But in the latest report by a federal agency that tracks home values, Utah has fallen to No. 16, with an increase of 1.9 percent in the year that ended in June.
That compares with double-digit increases in home values from 2005 to 2006 and from 2006 to 2007. It's also down from a 5.6 percent increase in the agency's last report, which covered the year that ended in March, when Utah slipped just behind Wyoming after five consecutive quarters in the top spot.
The report, by the Office of Federal Housing Enterprise Oversight, underscores how quickly the real estate market in the state - particularly along the Wasatch Front and in St. George - has deteriorated. It also shows a trend that could lead to overall home-price declines if the market doesn't turn around soon.
In fact, some economists believe prices must and will fall before home sales pick up again. Already, homes in a number of higher-priced areas have declined in value from last year.
"It all boils down to affordability," said Mark Knold, chief economist for the Utah Department of Workforce Services. "Even if you have a strong economy, if home prices get too high, you stop buying."

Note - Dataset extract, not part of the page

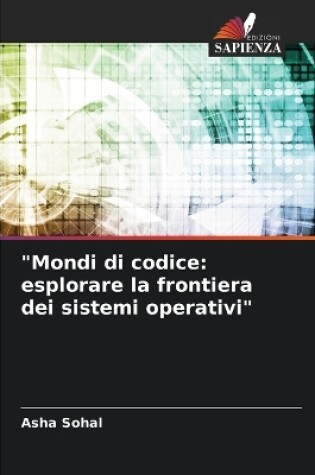 Cover of "Mondi di codice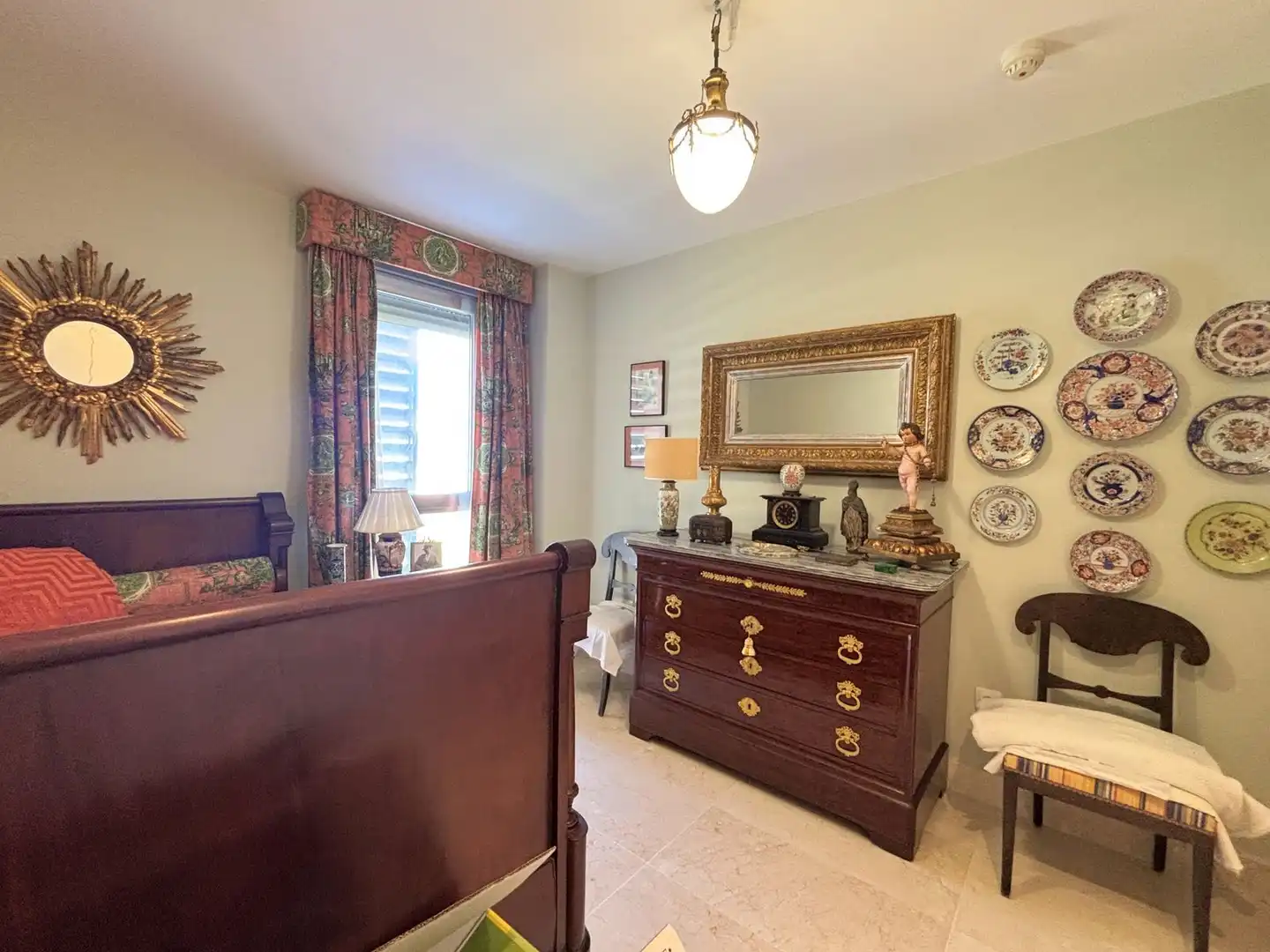 Habitación de Ático en venta en Manilva con Aire acondicionado, Terraza y TV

Although still in positive territory, Utah's appreciation is far off the double-digit levels of the past several years. Utah's appreciation peaked at 17 percent in the year that ended June 2007, but by last summer, years of home-price increases had put ownership out of reach of a large number of Utahns whose incomes haven't kept pace. Tighter lending standards and higher mortgage rates haven't helped, making it even more difficult for many families to qualify for a loan.
Combined with other factors, such as rising interest rates, the state's real estate market began to fall into a particularly dogged downturn.

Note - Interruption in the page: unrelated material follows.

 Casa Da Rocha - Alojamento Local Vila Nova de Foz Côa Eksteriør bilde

Sales of existing and new homes have since plummeted, compared with last year. Home prices overall, though, have remained "sticky," meaning that many buyers have let their homes languish on the market - or have taken them off - to avoid cutting prices significantly in order to get them sold. Others are leasing their properties in hopes the market will turn around in the near future.

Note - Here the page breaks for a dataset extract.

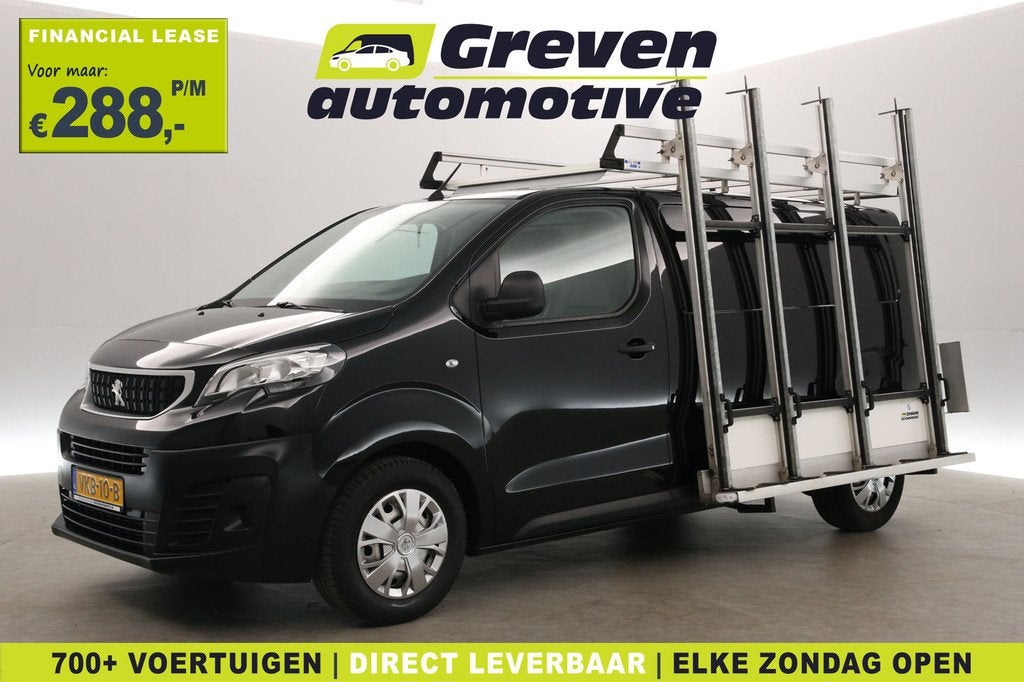 Peugeot Expert 2.0 BlueHDI L2H1 | Glasresteel | Airco | Crui, Voorwielaandrijving, Gebruikt, Euro 6, 4 cilinders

But enough owners in just the last couple of months have come to a position where they have to sell, which has led to selling-price declines in a number of areas, especially with homes priced $400,000 or more.
Rod Linton of Holladay said he began noticing earlier this year that the real estate market was really in a downturn, with higher-end homes seeming to suffer the most.
"If you drive around Holladay you see all kinds of for sale signs. And homes priced above $500,000 - they seem to sit around forever."
The Office of Federal Housing Enterprise Oversight may actually be understating Utah's real estate downturn. Its report, based on data from Fannie Mae and Freddie Mac, includes more than 34 million sales transactions and appraisals ordered for refinancings. But it uses only conventional, "conforming" mortgages, not the larger loans on more expensive properties that owners are having the most problem selling.
The Salt Lake Board of Realtors said this week that 71 percent of home sales in Salt Lake County in July were for properties priced less than $300,000.
The most active price range was from $200,000 to $250,000, the board said.
In July, 1,006 existing single-family homes and condominiums in Salt Lake County changed hands, down 10 percent compared with 1,122 homes in June. Sales were down 22 percent compared with July 2007.
July's drop reverses five consecutive months of increasing home sales.
In the federal agency's latest home-value report, St. George is the worst-performing Utah metro area, ranking No. 233 among 300 metro areas nationally with a 5.1 percent decline.
The state's other metro areas all posted gains, but are ranked well below where they were in recent years. Logan was highest, at No. 34, with a 3.8 percent increase.